LibriVox only records material that is in the public domain in the United States, and all LibriVox books are released with a public domain dedication. Because of copyright restrictions, LibriVox produces recordings of only a limited number of contemporary books. These have included, for example, the 9/11 Commission Report, which as a work of the US Federal Government is in the public domain.

The LibriVox catalogue is varied. It contains popular and classic fiction, but it also includes difficult texts such as Immanuel Kant's Critique of Pure Reason, and a recording of the first 500 digits of pi. The collection also features poetry, plays, religious texts (for example, English versions of the Koran and books from various translations of the Bible) and non-fiction of various interests. In January 2009, the catalogue contained approximately 55 percent fiction and drama, 25 percent non-fiction and 20 percent poetry (calculated by numbers of recordings). By the end of 2023, the most viewed item (22.7M) was a reading of The Art of War attributed to Sun Tzu and read in 2006 by Moira Fogarty, followed by a 2006 collective reading of Alice's Adventures in Wonderland with 22.4M views.
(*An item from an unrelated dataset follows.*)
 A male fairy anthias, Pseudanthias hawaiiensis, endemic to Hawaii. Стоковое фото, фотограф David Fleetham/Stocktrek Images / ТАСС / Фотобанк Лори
Around 90 percent of the catalogue is recorded in English, but recordings exist in more than 90 languages (as of 2019).

==Reputation==
LibriVox has garnered significant interest, in particular from those interested in the promotion of volunteer-led content and alternative approaches to copyright ownership on the Internet.

It has received support from the Internet Archive and Project Gutenberg. Intellectual freedom and commons proponent Mike Linksvayer described it in 2008 as "perhaps the most interesting collaborative culture project this side of Wikipedia".

The project has also been featured in press around the world and has been recommended by the BBC's Click, MSNBC's The Today Show, Reason, Wired, the US PC Magazine and the UK Metro and Sunday Times newspapers.

==Quality==
A frequent concern of listeners is the site's policy of allowing any recording to be published as long as it is understandable and faithful to the source text. This means that some recordings are of lower audio fidelity; some feature background noises, non-native accents or other perceived imperfections in comparison to professionally recorded audiobooks. While some listeners may object to those books with chapters read by multiple readers, others find this to be a non-issue or even a feature, though many books are narrated by a single reader.

The narrations have been called outsider art. John Adamian, writing in Wired, noted:

Sometimes while listening I feel like I'm eavesdropping on a strange over-wrought audition, where an aspiring actor tries on and abandons accents, tweaks their voice in pitch too much, or hyperextends vowels in an effort to feel their way into the voice of a fictional New England sea captain, or a crude Yorkshire industrialist, or a displaced German Jew in London. Some readings are wooden, but with a kind of affectlessness that starts to seem like its own interesting artistic choice once you've settled into the performance.